» **WORK TASK**
Only the lines of the listing below that run from the line with "Alexius unter der" through the line with "Gilles Tooling Levers available from Yamaha" are to be set down, word for word. Pictures stay out.

» **EXTRACTED ENTRIES**
--- START ---

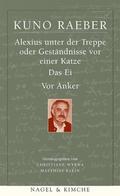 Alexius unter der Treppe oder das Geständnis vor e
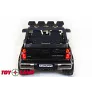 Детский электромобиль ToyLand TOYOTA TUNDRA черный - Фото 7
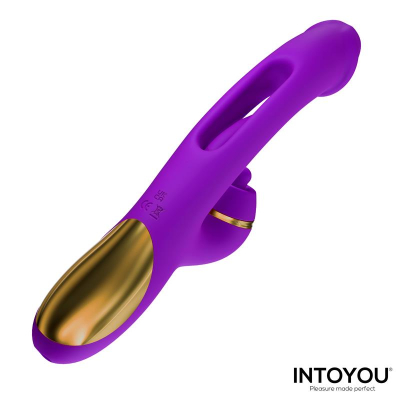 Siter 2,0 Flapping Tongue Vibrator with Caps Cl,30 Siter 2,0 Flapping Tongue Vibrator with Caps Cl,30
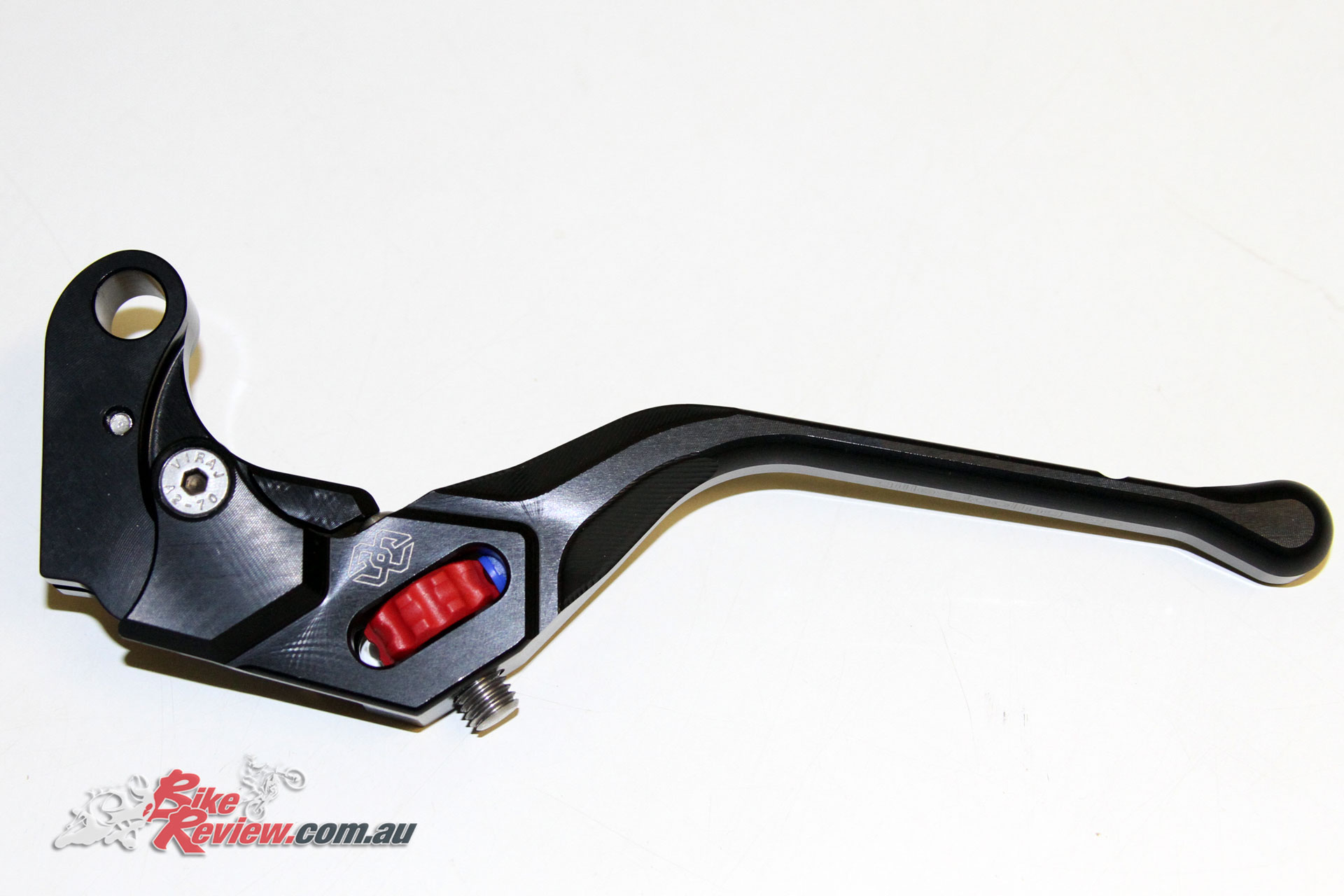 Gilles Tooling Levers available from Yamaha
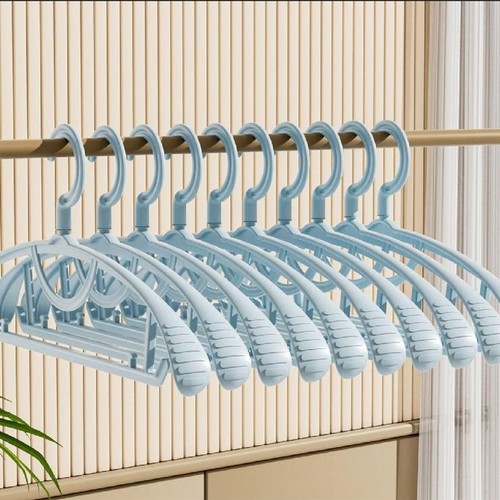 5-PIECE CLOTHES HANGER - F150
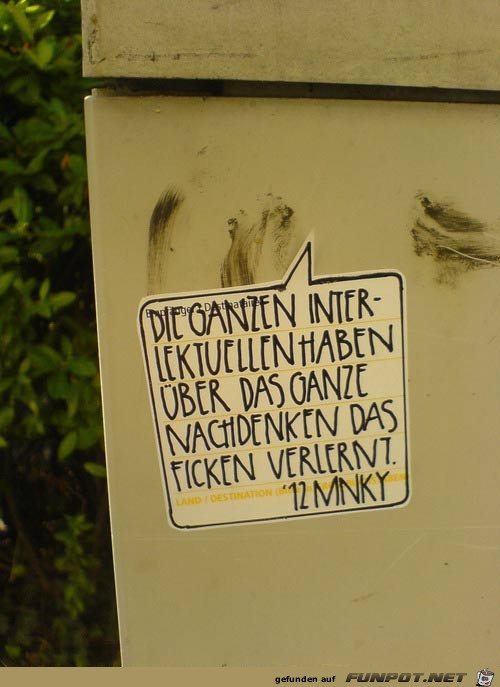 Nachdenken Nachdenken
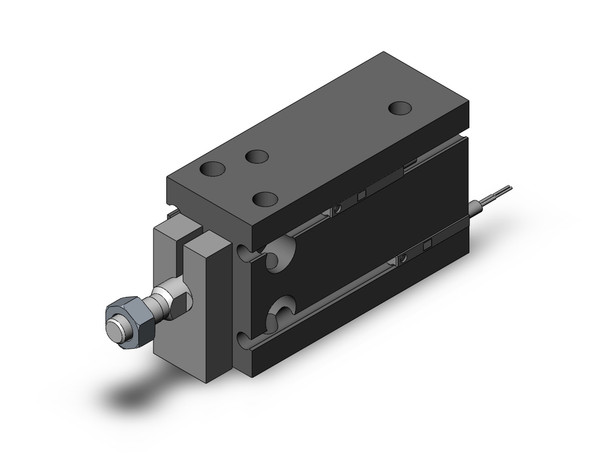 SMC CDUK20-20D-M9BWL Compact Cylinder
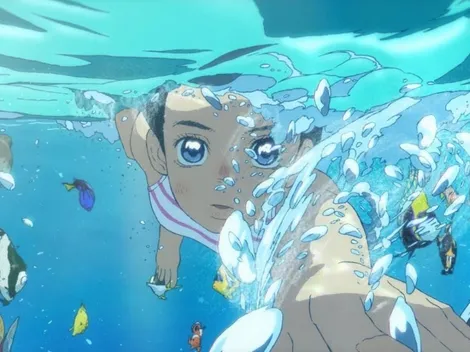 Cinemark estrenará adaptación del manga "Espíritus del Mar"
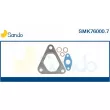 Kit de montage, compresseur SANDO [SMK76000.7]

--- END ---
--- START ---

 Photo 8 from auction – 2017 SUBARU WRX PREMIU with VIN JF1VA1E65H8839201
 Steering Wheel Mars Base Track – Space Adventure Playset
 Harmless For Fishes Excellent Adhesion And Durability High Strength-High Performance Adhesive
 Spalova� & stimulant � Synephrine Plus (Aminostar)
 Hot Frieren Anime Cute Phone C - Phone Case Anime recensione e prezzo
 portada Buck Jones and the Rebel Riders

--- END ---

» **EXERCISE RESPONSE**
 Alexius unter der Treppe oder das Geständnis vor e
 Детский электромобиль ToyLand TOYOTA TUNDRA черный - Фото 7
 Siter 2,0 Flapping Tongue Vibrator with Caps Cl,30 Siter 2,0 Flapping Tongue Vibrator with Caps Cl,30
 Gilles Tooling Levers available from Yamaha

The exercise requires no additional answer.